I’m currently getting to experience a bit of being a “stay at home wife” while looking for a new job in the UK.
After 1 1/2 days of staying at home, I can tell you that I would go INSANE if I didn’t have something else to do. If it takes me a while to find a job, I will need to find something to do with my time while looking. There is only so much laundry I can do.
Post # 5
I love my work and it fulfills me…but I wouldn’t mind doing freelance work if I lived off of SO’s income alone.
I would always need to fill my time with something productive though.
Post # 7
I would want to work at least part time…but it certainly wouldn’t be doing the job I do now.
Post # 8
@KatNYC2011: Gahhh working with horses would be my dream job as well. Why can’t someone just pay me to ride around and groom them all day?
And I know what you mean about going insane…I’ve been unemployed for about 3 months now, and it sucks majorly. That’s what brought on this question…I’ve been thinking about how I might feel if I don’t find a job and instead just fill my time with volunteer work.
@soyjoy222: Yeah I had that same “meaningless” feeling about my last job, which is why I left!
Post # 9
I want things out of life (e.g. paying kids education, travel, etc.) that make it such I’d want to keep working even if not required. If SO was independently wealthy, absolutely I’d be happy doing other things such as more volunteering than I currently. But, I might still work part-time. I don’t like to be bored.
Post # 10
I don’t work, and don’t financially need to work. Yes, I am extremely happy.
Post # 11
I would be joining you at those classes and volunteer events!! I like my job, but let’s be honest – I’m only here for the income. If I didn’t need it, I would be 100% fine staying home. My husband would like that too bc there is no way I would let him do any of the cooking/cleaning/errands anymore if I were home, it would be a nice improvement for both of us.
But for now I am working and probably always will be. Even if my Darling Husband were to double his salary, I unfortunately make too much to ever stay home – unless we were to have triplets or something.
Post # 12
We kind of do that right now (although, I got a job and I start in a month) but I’m also a Stay-At-Home Mom. I’m not really happy about it…I love spending time with my son but I feel guilty for not making any money currently.
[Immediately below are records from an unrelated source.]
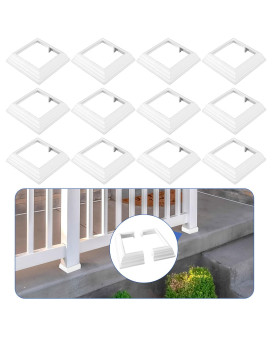 Jarthenaamcs 12Pcs Vinyl Post Skirt 4 X 4 Inch White Post Base Cover Split Style Vinyl Fence Post Sleeve Reusable Column Wraps P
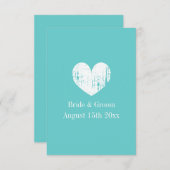 Turquoise blauwe bruiloft verticale behuizing kaar informatiekaartje (Voorkant / Achterkant)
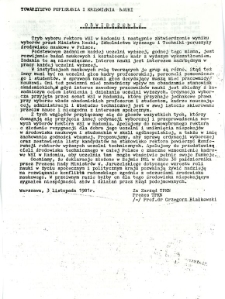 Oświadczenie Towarzystwa Popierania i Krzewienia Nauki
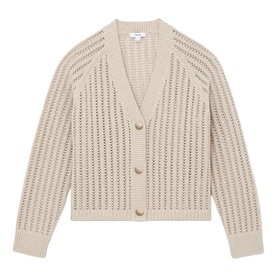 Reiss beige open-knit cardigan with V-neck, button front, and textured crochet-style pattern throughout.
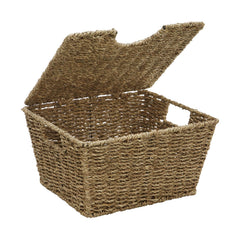 Seagrass Set of 3 Rectangular Storage Baskets (2 With Lids)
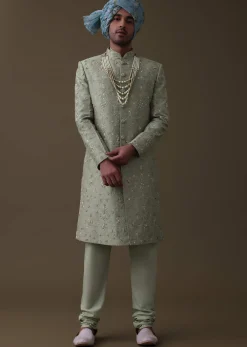 Pista Green Sherwani Set In Raw Silk With Cut Dana And Thread Embroidery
There aren’t too many classes I would take unless it would benefit my career…since Darling Husband is working why should I play and take it easy?
Post # 13
I think I’d lose my mind. If anything Darling Husband would stay home and I’d continue working.
We were both home sick yesterday and making jokes about watching “mommy tv”
Post # 14
@hilsy85: If you find someone who will pay us to train and groom, let me know! I know it’s long hours and hard work for no pay but I’d love to do it.
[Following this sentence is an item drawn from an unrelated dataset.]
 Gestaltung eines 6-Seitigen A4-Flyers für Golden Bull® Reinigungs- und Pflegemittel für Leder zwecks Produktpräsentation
Hopefully I find something quickly. I am in a new country and do want to do some exploring, but exploring the city alone doesn’t sound nearly as fun as exploring it with my Darling Husband on the weekends.
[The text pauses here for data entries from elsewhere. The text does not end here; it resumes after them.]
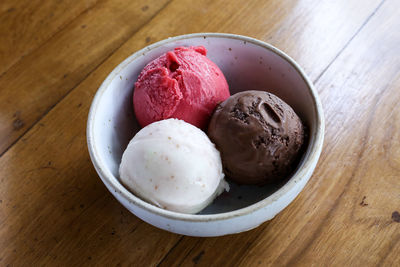 High angle view of ice cream in bowl on table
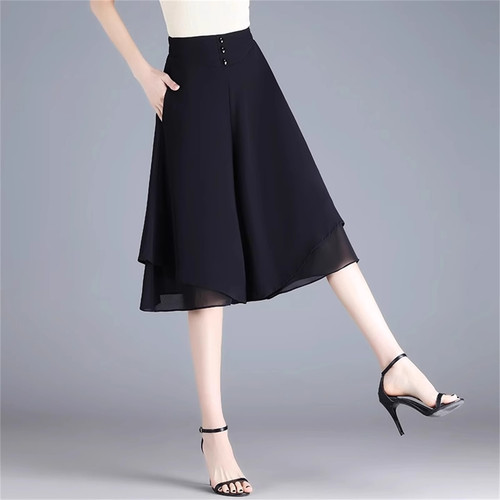 裤子雪纺裙裤高腰宽松显瘦阔腿裤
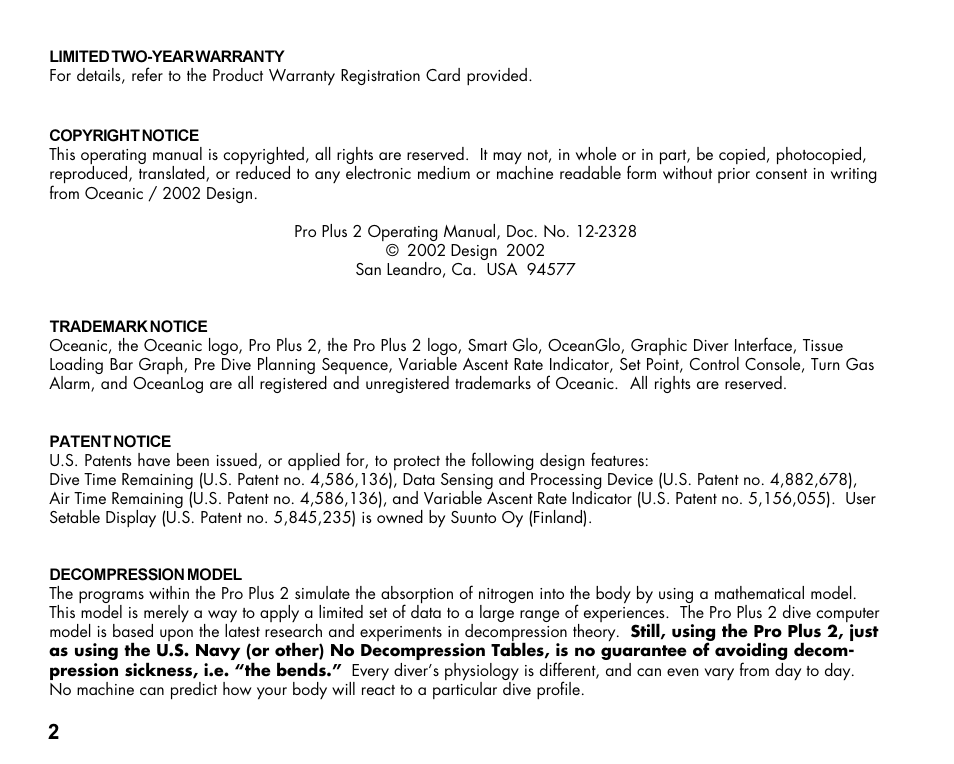 Oceanic Dive Computer Pro Plus 2 User Manual | Page 2 / 100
There are some upcoming art fairs, so I’ll try to go to some of those just to get out of the house.
Post # 15
I would definitely enjoy doing other things whether volunteering, hobbies, etc.
Post # 16
I would have zero problem not working for a paycheck. I don’t enjoy working and it provides me with no fulfillment. I have no desires to have a career.
I would be much happier spending my time volunteering, raising children, and working around the house (which is why I intend to be a Stay-At-Home Mom when we have kids).